#### [Activity]
Transcribe exactly the lines from the first line of the records through the line containing "Hey everyone, and", and leave out every picture.

#### [Excerpted records]
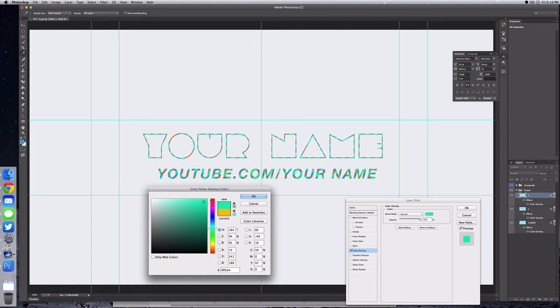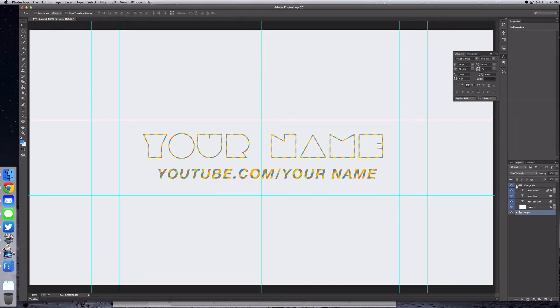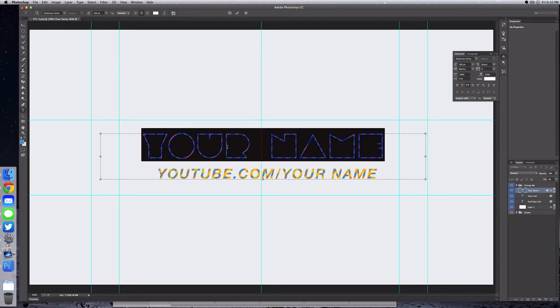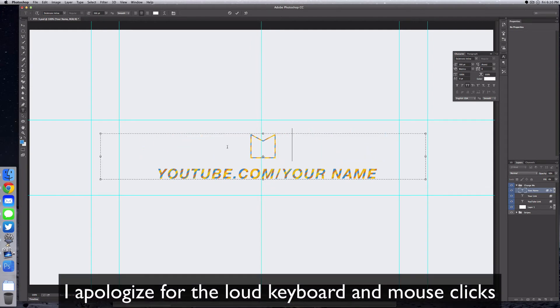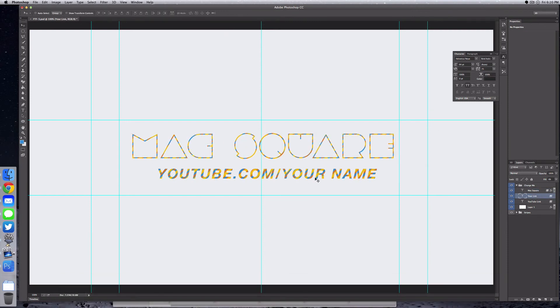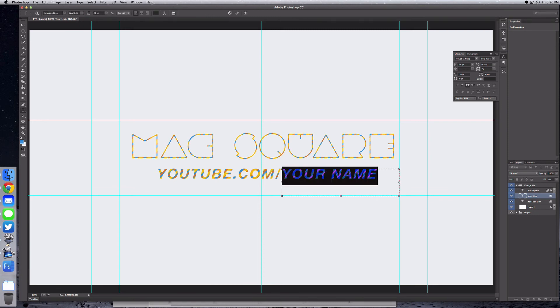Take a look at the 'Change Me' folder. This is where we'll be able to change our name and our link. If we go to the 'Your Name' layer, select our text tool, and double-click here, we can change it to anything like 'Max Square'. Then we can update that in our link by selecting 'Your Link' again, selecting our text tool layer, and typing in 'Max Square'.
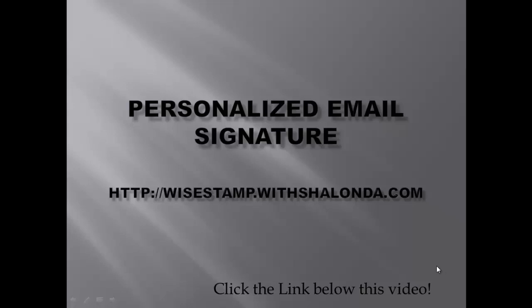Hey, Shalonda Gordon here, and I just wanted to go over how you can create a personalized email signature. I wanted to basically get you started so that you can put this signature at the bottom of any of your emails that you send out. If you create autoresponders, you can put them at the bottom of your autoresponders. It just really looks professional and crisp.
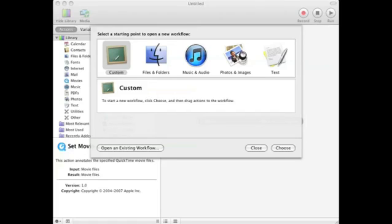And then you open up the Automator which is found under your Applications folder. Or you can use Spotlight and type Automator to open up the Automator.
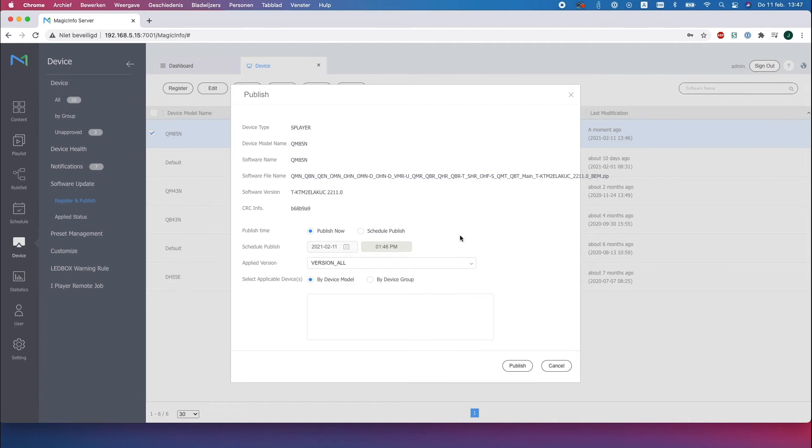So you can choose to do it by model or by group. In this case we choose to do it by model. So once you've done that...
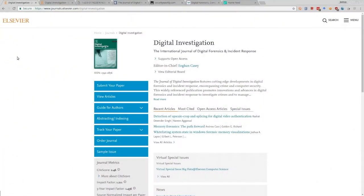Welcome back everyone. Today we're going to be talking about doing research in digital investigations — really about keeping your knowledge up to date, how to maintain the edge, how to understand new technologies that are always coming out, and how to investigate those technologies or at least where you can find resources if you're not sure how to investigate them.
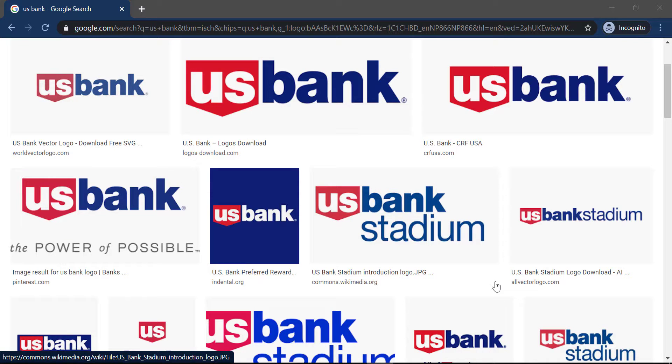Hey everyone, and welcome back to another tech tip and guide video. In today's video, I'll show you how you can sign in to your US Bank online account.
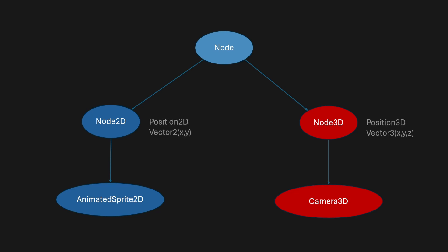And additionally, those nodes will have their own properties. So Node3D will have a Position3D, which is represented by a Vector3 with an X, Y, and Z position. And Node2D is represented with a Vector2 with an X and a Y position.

#### [Written reply]
Take a look at the 'Change Me' folder. This is where we'll be able to change our name and our link. If we go to the 'Your Name' layer, select our text tool, and double-click here, we can change it to anything like 'Max Square'. Then we can update that in our link by selecting 'Your Link' again, selecting our text tool layer, and typing in 'Max Square'.
Hey, Shalonda Gordon here, and I just wanted to go over how you can create a personalized email signature. I wanted to basically get you started so that you can put this signature at the bottom of any of your emails that you send out. If you create autoresponders, you can put them at the bottom of your autoresponders. It just really looks professional and crisp.
And then you open up the Automator which is found under your Applications folder. Or you can use Spotlight and type Automator to open up the Automator.
So you can choose to do it by model or by group. In this case we choose to do it by model. So once you've done that...
Welcome back everyone. Today we're going to be talking about doing research in digital investigations — really about keeping your knowledge up to date, how to maintain the edge, how to understand new technologies that are always coming out, and how to investigate those technologies or at least where you can find resources if you're not sure how to investigate them.
Hey everyone, and welcome back to another tech tip and guide video. In today's video, I'll show you how you can sign in to your US Bank online account.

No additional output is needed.